I don’t know that I can write an objective review of Elysium, because my expectations going into it were so sky high.
I was extremely impressed with director Neil Blomkamp’s debut film District 9, which I thought used the science fiction genre to effectively examine issues of poverty, injustice, and racism. The thing that impressed me most about District 9, though, was the moral ambiguity that it presented through its characters. The film’s protagonist is introduced as a cowardly, self absorbed, insensitive, and unlikeable person. Through the course of the movie, however, we see him evolve and change as he is confronted by various life events until, by the end, we actually find ourselves empathizing with and caring for him. With Blomkamp’s follow up film, Elysium, I was expecting, and looking forward to, a similar exploration of human fallibility and the grey areas between moral “rightness” and “wrongness.” Unfortunately, that’s not the film that I got.
Elysium is by no means a particularly “bad” movie, and Blomkamp’s signature narrative style is very much still on display here. The film effectively conveys the feeling of a poverty-stricken future world full of chaos and decay, where a small group of elites lives blissful lives off-planet while the rest of the world goes to hell below them. Matt Damon plays a credible ex-felon, a man on parole trying to hold down an honest day job in a callous and unforgiving world. The events that unfold around him are genuinely engaging and genuinely heartbreaking.

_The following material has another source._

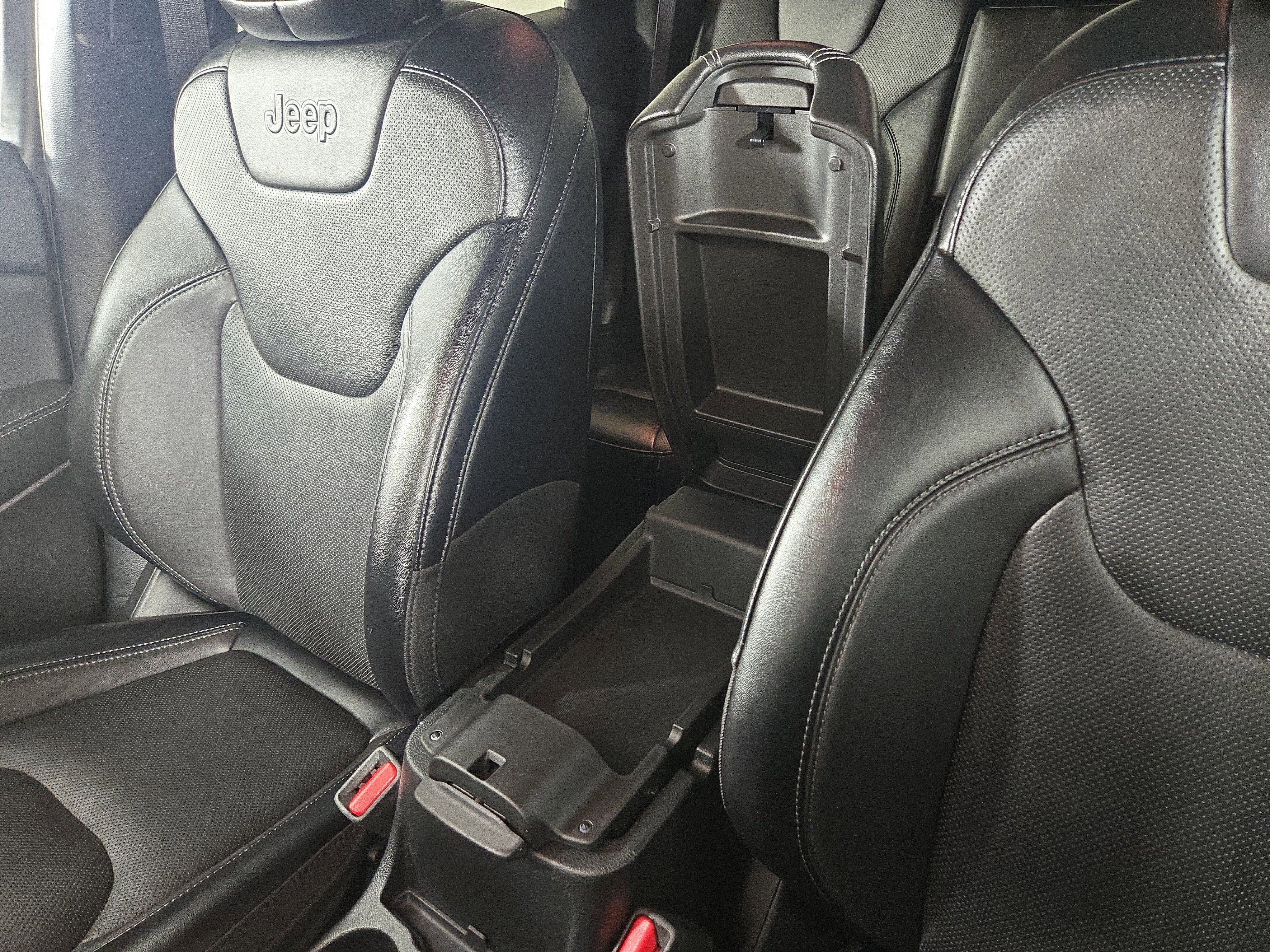 Certified 2022 Jeep Cherokee Latitude Lux image 28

Blomkamp presents us with a colorful cast of characters and some wonderfully over-the-top action sequences.
However, I can’t help but feel disappointed by how much more black and white this film seemed to me than District 9. Granted, that film also had clearly defined villains, but for me its greatest charm was in winning me over to feeling sympathy for an unlikeable character. Elysium, by contrast, seems to have been made as more of a summer blockbuster. There’s never any question that Matt Damon is the hero, nor is there ever a question that the people running things from Elysium are all a bunch of insensitive S.O.B.s who care nothing for the sanctity of human life. It’s all just a little too “pat” for my taste.

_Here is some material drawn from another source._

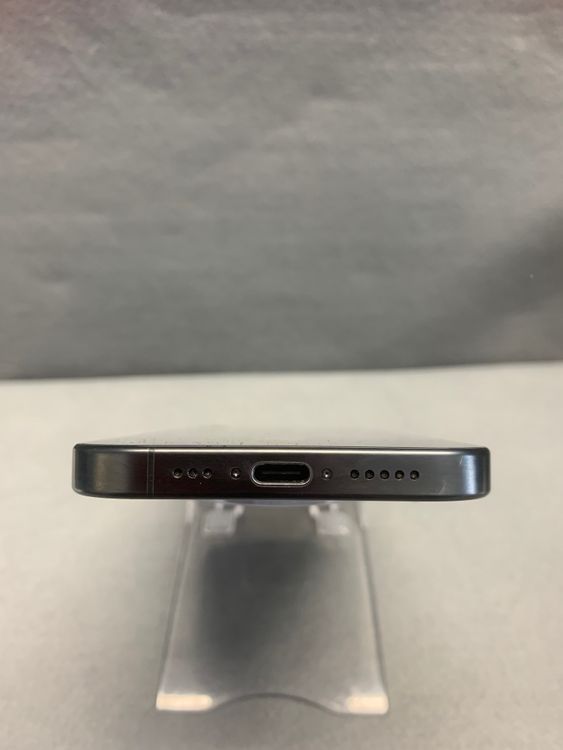 ���ʡ������ǡ�SIM�ե꡼��iPhone15 Pro 256GB �֥�å������˥��࿧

I was looking for something to examine some of the complexities surrounding world poverty and inequality. Instead, I got a straightforward good-guys vs. bad-guys shoot ‘em up, a film which seems to posit the idea that poverty and inequality could easily be solved through the simple touch of a button. That may be fine for those looking for a fun summer action movie. For my expectations, though, Elysium was something of a let down.